On inertia and ratio type bounds for the k-independence number of a graph and their relationship

• Published in: Discrete Applied Mathematics Vol. 333; pp. 96 - 109
• Main Authors: Abiad, Aida, Dalfó, Cristina, Fiol, Miquel Àngel, Zeijlemaker, Sjanne
• Format: Journal Article
• Language: English
• Published: Elsevier B.V 15.07.2023
• Subjects: Adjacency spectrum; Independence number; k-partially walk-regular; k-power graph; Mixed integer linear programming; Polynomials; 05C50; Adjacency spectrum; Polynomials; k-partially walk-regular; Mixed integer linear programming; 05C69; k-power graph; Independence number
• ISSN: 0166-218X; 1872-6771
• DOI: 10.1016/j.dam.2023.03.015

For k≥1, the k-independence number αk of a graph is the maximum number of vertices that are mutually at distance greater than k. The well-known inertia and ratio bounds for the (1-)independence number α(=α1) of a graph, due to Cvetković and Hoffman, respectively, were generalized recently for every value of k.
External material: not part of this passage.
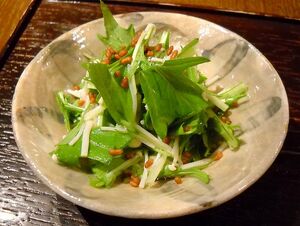 Enoki mshrm salad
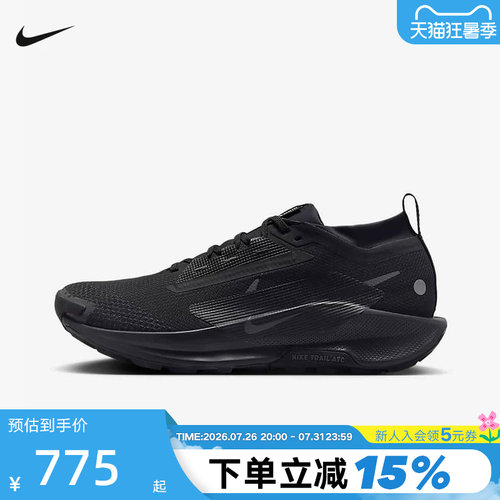 耐克男越野跑鞋轻量减震网面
We show that, for graphs with enough regularity, the polynomials involved in such generalizations are closely related and give exact values for αk, showing a new relationship between the inertia and ratio type bounds. Additionally, we investigate the existence and properties of the extremal case of sets of vertices that are mutually at maximum distance for walk-regular graphs. Finally, we obtain new sharp inertia and ratio type bounds for partially walk-regular graphs by using the predistance polynomials.